Command processor (very similar code already mentioned in one of Github issues)

<?php

namespace App\Queue\Processor;

use App\Entity\ScheduledCommand;
use Doctrine\ORM\EntityManagerInterface;
use Enqueue\Client\CommandSubscriberInterface;
use Enqueue\Consumption\Result;
use Enqueue\Util\JSON;
use Interop\Queue\PsrContext;
use Interop\Queue\PsrMessage;
use Interop\Queue\PsrProcessor;
use Symfony\Component\Process\Exception\ProcessFailedException;
use Symfony\Component\Process\Process;

/**
 * Class RunCommandProcessor
 *
 * @see https://github.com/php-enqueue/enqueue-dev/issues/213
 */
class RunCommandProcessor implements PsrProcessor, CommandSubscriberInterface
{
    const COMMAND_NAME = 'run_command';

    /** @var string */
    private $projectDir;

    /** @var string */
    private $env;
    /**
     * @var EntityManagerInterface
     */
    private $entityManager;

    /**
     * RunCommandProcessor constructor.
     * @param string $rootDir
     * @param string $env
     * @param EntityManagerInterface $entityManager
     */
    public function __construct(string $rootDir, string $env, EntityManagerInterface $entityManager)
    {
        $this->projectDir = $rootDir;
        $this->env = $env;
        $this->entityManager = $entityManager;
    }

    /**
     * @param PsrMessage $message
     * @param PsrContext $context
     * @return Result|object|string
     */
    public function process(PsrMessage $message, PsrContext $context)
    {
        $body = JSON::decode($message->getBody());

        $command = $this->entityManager->getRepository(ScheduledCommand::class)->findOneById($body['id']);

        if (!$command) {
            return Result::reject(sprintf('Command with ID: "%s" has not been found in the DB!', $body['id']));
        }

        $options = '';
        if ($command->getOptions()) {
            foreach ($command->getOptions() as $k => $v) {
                //env cannot be passed here
                if ('env' === $k) {
                    continue;
                }
                $options = ' --'.$k.'='.$v.' ';
            }
        }

        $command->setLastResult('<started> '.((new \DateTime())->format('Y-m-d H:i:s')));
        $this->entityManager->flush();

        $process = new Process('php ./bin/console '.$command->getCommand().' '.$options.' --env='.($body['env'] ?? $this->env), $this->projectDir);
        try {
            $process->mustRun();

            $command->setLastResult('<finished> '.$process->getOutput().PHP_EOL.PHP_EOL.$process->getErrorOutput());
            $command->setLastRunAt(new \DateTime());
            $this->entityManager->flush();

            return Result::ACK;
        } catch (ProcessFailedException $e) {

            $message = sprintf('<error> The process failed with exception: "%s" in %s at %s', $e->getMessage(), $e->getFile(), $e->getLine());
            $command->setLastResult($message);
            $this->entityManager->flush();

            return Result::reject($message);
        }
    }

    public static function getSubscribedCommand()
    {
        return [
            'processorName' => self::COMMAND_NAME,
            'queueName' => self::COMMAND_NAME,
            'queueNameHardcoded' => true,
//            'exclusive' => true,
        ];
    }
}

Scheduler is kicked by supervisor using "TICK" feature:

[eventlistener:event_scheduler]
command=php __ROOTDIR__/bin/console app:event:scheduler --env=prod
process_name=%(program_name)s_%(process_num)02d
numprocs=1
directory=/tmp
autostart=true
autorestart=true
startsecs=1
startretries=999
events=PROCESS_STATE_STARTING,TICK_60
user=__USER__
redirect_stderr=false
stdout_logfile=__LOGDIR__/%(program_name)s.out.log
stderr_logfile=__LOGDIR__/%(program_name)s.error.log
stopwaitsecs=60

Rest is done by standard job queue runner controlled by Supervisor.
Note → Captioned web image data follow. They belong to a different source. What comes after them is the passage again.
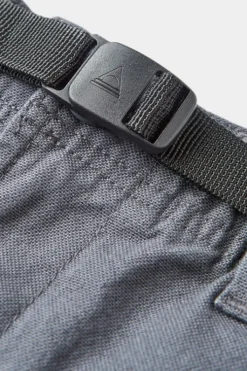 Passenger Mens Adventurer Organic Canvas Trousers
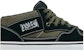 Vans Skate Half Cab 'Scarab Military' - Kasut Skateboard Gaya Tentera Sukan VN0A5FCD9CR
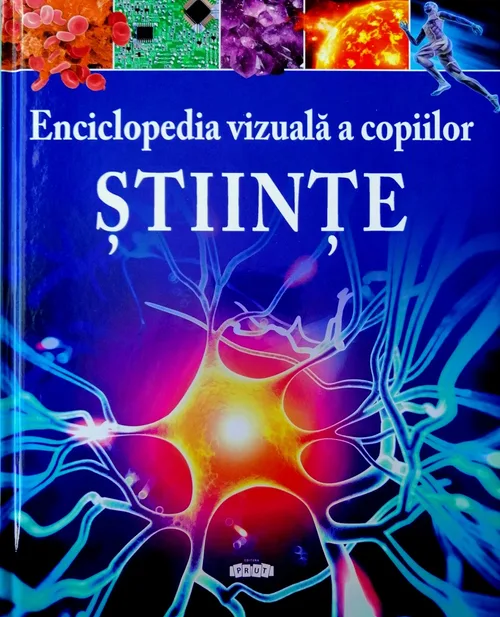 Științe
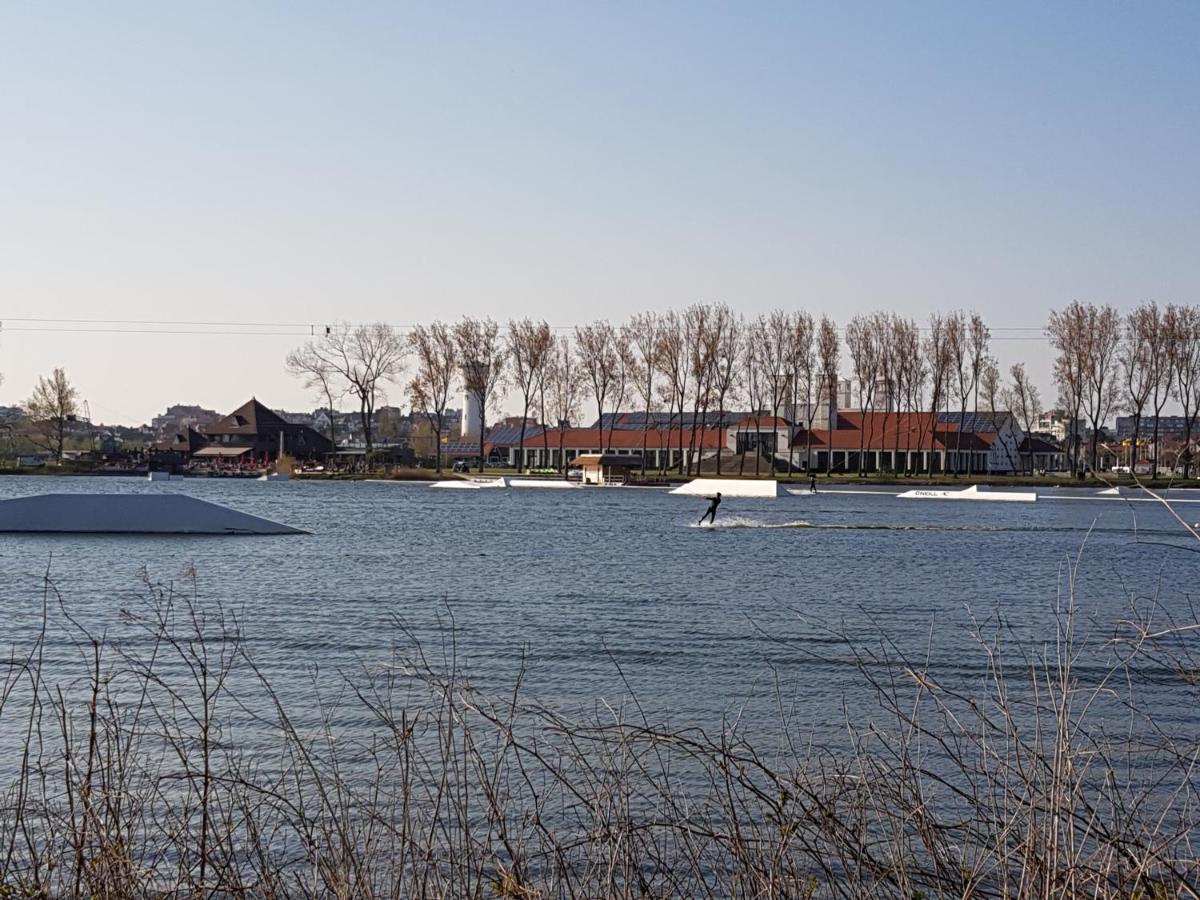 DuinbergenNieuw App Met Tuin En Terras, Gratis Parking, Aan Zee, Vlakbij Bruggeアパートメント エクステリア 写真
The command I have developed is used to just register jobs to be done. I haven't used AsyncCommands though so cannot help with that unfortunately.

Solution seems to work just fine so far - I might switch to better solution one day but no need for that right now. If you have any questions don't hesitate to ask me. [Sorry for lengthy post]

modstore commented 6 years ago

@noofaq Thanks heaps for the details, that looks good. With 4.1 coming out today, I'll hopefully start looking at getting it implemented next week. Cheers.

schmittjoh commented 5 years ago

Closing this one here as there is nothing specific to do.